The art of misdirection: As magicians know, the technique is to focus audience attention on one thing (consider the government shutdown the political version of “there’s nothing up my sleeve”) to distract from something else (the feds punting responsibility for clean up of the Hanford Nuclear Reservation.) Misdirection requires strategic pondering that doesn’t come natural to federal flacks, so the department embraces the obvious: Who pays attention to Hanford when the United States is about to default?

On Tuesday, officials from the U.S Department of Energy (those deemed essential workers) let the office of Washington State Attorney General Bob Ferguson know that the federal government is at “substantial risk” for failing to meet three milestones demanded by the 2010 Hanford clean-up consent decree (Message: Sorry about that!)

As Ferguson’s office points out, the delay would have a domino effect on all deadlines agreed to in the consent decree for the operation and construction of the Hanford waste treatment plant designed to transform high-level radioactive waste into glassified “logs,” a process known as vitrification. As a result, all of the deadlines from now until 2022 are in jeopardy.

The DOE announcement comes on the heels of a report last week by the Energy Department’s inspector general, Gregory Friedman, that Bechtel, the builder of the $12.2 billion vitrification plant, has not been applying quality assurance standards to critically important parts of the facility. Confidence, this does not engender.

An action-forcing event, at least in theory, was the Energy Department’s announcement in February that seven of 177 underground tanks at Hanford were leaking (a “decrease of liquid level” in department-speak.)

There are two options available to Gov. Jay Inslee and Ferguson. The state can continue to develop a dialogue with the new U.S. Energy Secretary, Ernest Moniz, and hope that soft elbows persuade a hidebound department to keep its promises.

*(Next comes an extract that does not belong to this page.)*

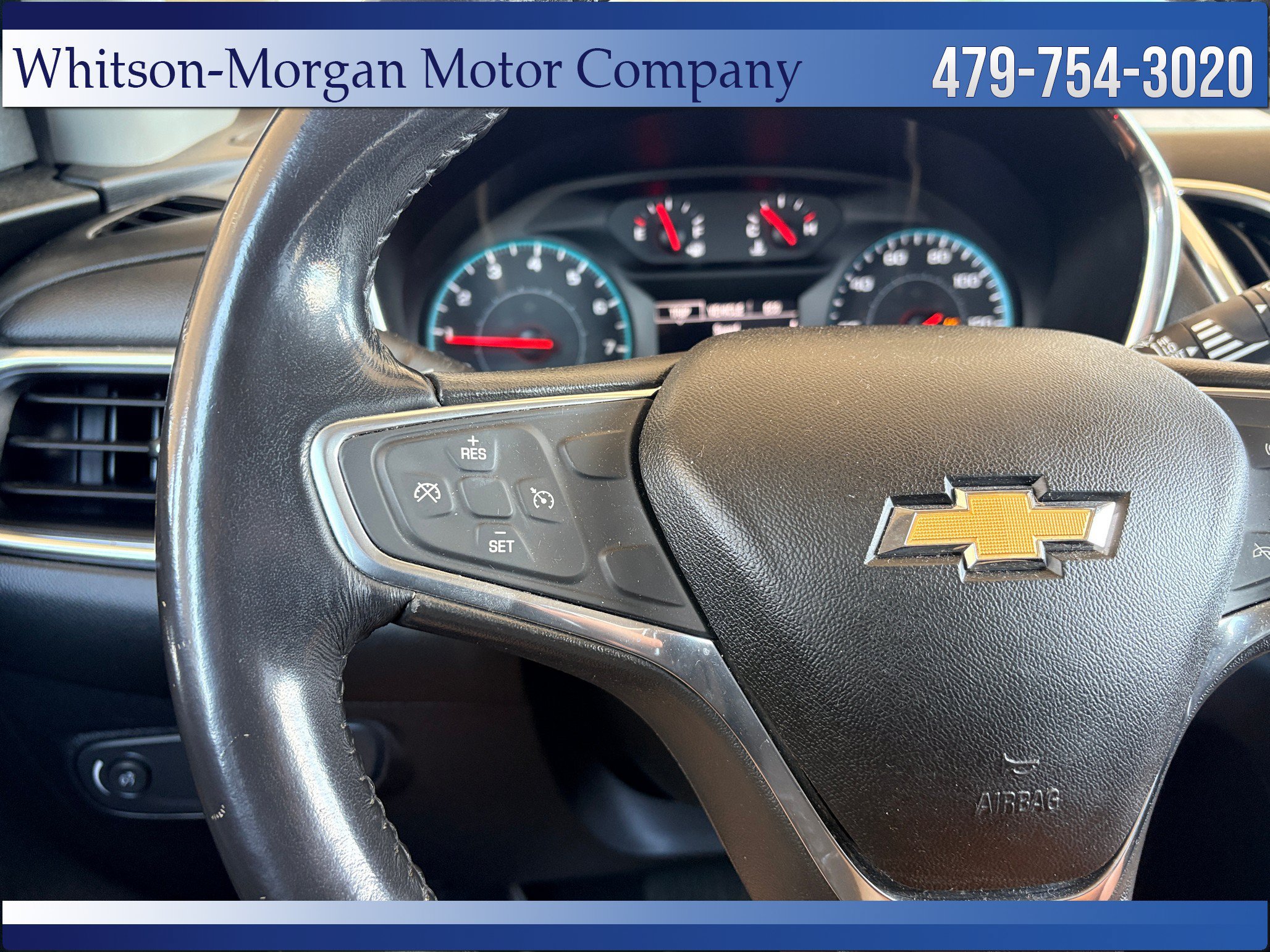 Used 2018 Chevrolet Equinox LT FWD image 16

Or the state can take a hard line and exercise its legal options.

In an email, Inslee communications director David Postman said that the governor was concerned and disappointed by the news. “The governor heard about the missed deadlines earlier Tuesday in a call from the secretary,” Postman writes. “The governor appreciates the secretary’s continued engagement with this issue of great importance to Washingtonians.”

Continued dialogue, however much encouraged, is not an approach that’s going to work. Keep the lines open, but sue to compel the Energy Department to stop its heel-dragging. The United States can’t wait for a Tri City Chernobyl to prioritize clean up.